Партийные офицеры-пропагандисты
Создание должности офицера национал-социалистической пропаганды стало запоздалой и гротескной попыткой политизации армии. Инициатива эта была принята в ту пору, когда наше поражение давно уже стало неизбежным. В то время, когда Россия повышала роль командира за счет сокращения власти комиссара и стремилась преобразовать коммунистическую Красную армию в русскую национальную армию, Гитлер счел необходимым внедрить в армию политически преданных ему офицеров, что подрывало ее единство изнутри. Эта инициатива показывает полное незнание Гитлером менталитета немецкого солдата и фронтовых реалий [65] .
65
Гитлер, будучи фронтовиком-окопником Первой мировой, очень хорошо знал и солдатский менталитет, и фронтовые реалии. В случае с внедрением политработников в армии все понятно – Гитлер очень верил в силу идей национал-социализма. (Примеч. ред.)
Немецкий солдат, который на протяжении веков противостоял численно превосходящим противникам (далеко не всегда. – Ред.), за последние годы войны стал глухим к красивым фразам, вроде «веры в окончательную победу» или тех, что уверяли его, будто только национал-социалистическая идеология способна принести ему спасение. Если он продолжал выполнять свой долг, то только потому, что осознавал: его миссия необходима родине. Его непосредственные начальники – капитан, майор и полковник – люди, чьи судьбы были неразрывно связаны с его собственной, – служили ему образцом морали и примером настоящего воина. Все остальное было «показухой», как точно выражались фронтовики. Каждое уцелевшее орудие, каждый сохранившийся снаряд стоили в тысячу раз больше, чем все красивые теории.

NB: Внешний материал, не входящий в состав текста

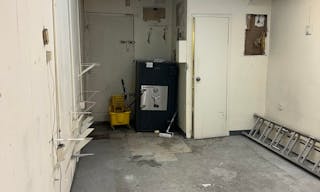 Storefront for rent in East NY, Brooklyn - Image 4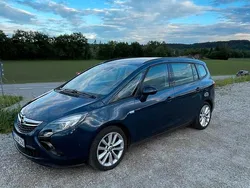 Blau Gebraucht 2011 Opel Zafira Tourer Van / Kleinbus | 4.700 € (Fairer Preis)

Партийные руководители больше не ездили на фронт. У них находились «гораздо более важные задачи» в тылу. Офицера на передовой не спрашивали, носит ли он партийный значок, когда одевается в штатский костюм, и не осуждали за отсутствие такового. Перед лицом врага, когда значение имеет только личность человека, этот значок не имел никакой ценности. Однако, поскольку приказы приходилось выполнять хотя бы на бумаге, офицеров на должности национал-социалистических наставников приходилось назначать, порой против воли назначаемых. Время от времени они получали пропагандистские материалы для распределения их в подразделениях, но это практически ничего не меняло. Учитывая тогдашнюю ситуацию, на фронте не было времени организовывать идеологические конференции по национал-социалистической идеологии. Все были больше озабочены сохранением своей жизни.